Цыркин молчал, вздрагивая в себя.
Шли месяцы. Антонов отступал в глубь Кирсановского уезда. Его молодцы по нескольку раз на дню вламывались на хутор. В один из вечеров заехал к Семёну Абрамовичу красный разъезд из командира и двух солдат. С утра неподалёку, всего в нескольких верстах, гремела канонада, поэтому винокур ждал гостей. Кинул дочке тряпья на кровать, загнал мелкую живность в погреб, который вырыл в леске, туда же припрятал оставшееся зерно, а пойло, наоборот, взял под руку.
– Выходи, кулак! Зерно народное прячешь?!
Цыркин признал в краскоме тонкие семитские нотки, чему внутренне обрадовался. Сима была отправлена в дальнюю комнату, а гости потчеваны дефицитным спиртом.
– Что, Семён, – выпив, спросил гость, – гонишь самогон, когда половине губернии жрать нечего? Говори, где зерно берешь? Страна, мать твою, голодает! А ты – самогон?
Хозяин виновато затараторил:
– Что вы, что вы, товарищ! Я же вижу, что вы наш человек.
– В смысле – наш? – напрягся большевик, видимо, стесняющийся своих корней.
Те выпирали в нем не слишком живо, да приметно – в глазах навыкате, припухлых губах и пусть русых, но курчавых волосах.
– Ты хочешь сказать, что я брат спекулянту?
– Как же, ну как же вы такое могли подумать! Я же говорю, что вы тоже рабочий человек. А зерно мы ни у кого не брали. Сам выращивал, вот этими вот руками, смотрите прямо сюда! Продналог зерном в срок заплатил, а что осталось, так есть грех – пустил на вино. Могу квитанцию показать.
– Врешь! Я точно осведомлен, что бандиты тебе зерно сбывают, а ты его на водку пускаешь! Говори, заезжал к тебе кто-нибудь? На подводах? Своим ходом пришли? Что ты им дал? Отвечай!
– Что вы! Бандиты только и могут, что пограбить или погрозиться сжечь.
– За что сжечь? Ты же, тварь, заодно с ними.
– За то, что жид. Понимаете, товарищ, они жидов страсть как не любят. Никаких дел с жидами иметь не хотят.
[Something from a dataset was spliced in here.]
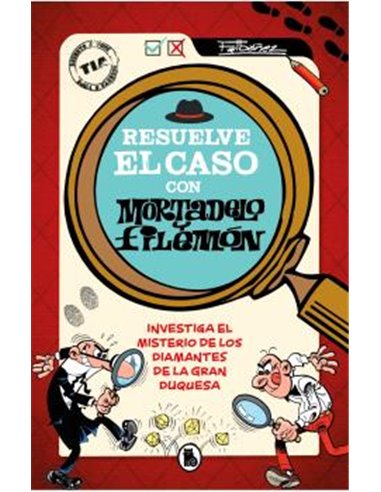 RESUELVE EL CASO CON MORTADELO Y FILEMON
А сегодня никого не было, я вам прямо клянусь.
Цыркин осторожно убрал чарку и поставил вместо неё глиняную кружку и полштофа. Он почаще повторял слово «жид», от которого гость хмурился, подозревая, что и его антоновцы могут повесить по кровному признаку.
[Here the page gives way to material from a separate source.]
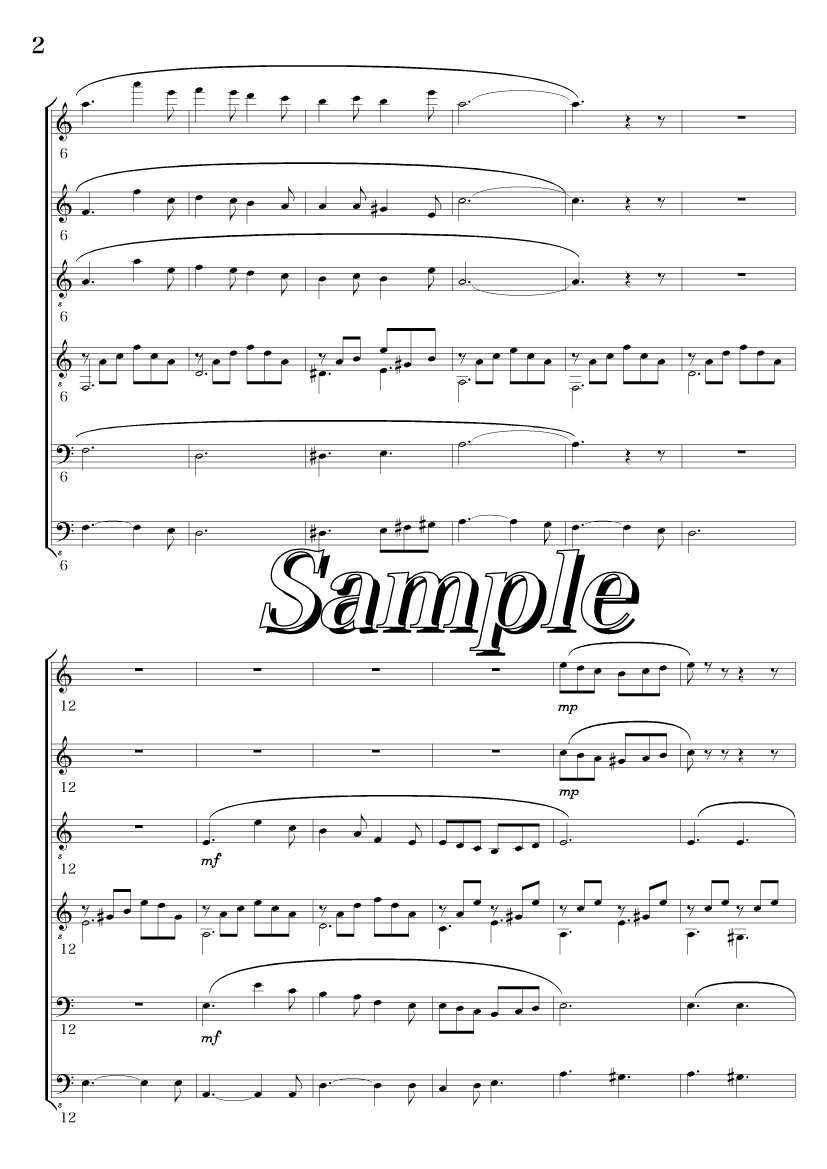 Sample Score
– Кулаки… – наконец выдохнул командир и кивнул Семёну: – Отнеси бойцам черпачок.
– Стоит вам только сказать!
Хуторянин привык к пьяным налётам. Сегодня антоновцы, завтра красные, потом просто бандиты, на Святки большевики-бандиты, через неделю антоновцы-коммунисты, потом белые-социалисты и черт бы побрал кто ещё! Для Цыркина вооруженные люди всегда были на одно лицо: все они принюхивались, чуя женскую плоть, и всех хозяин пытался побыстрее напоить. Но, чистая правда, ни вчера, ни сегодня никакие антоновцы или другие бандиты к Семёну Абрамовичу не заглядывали.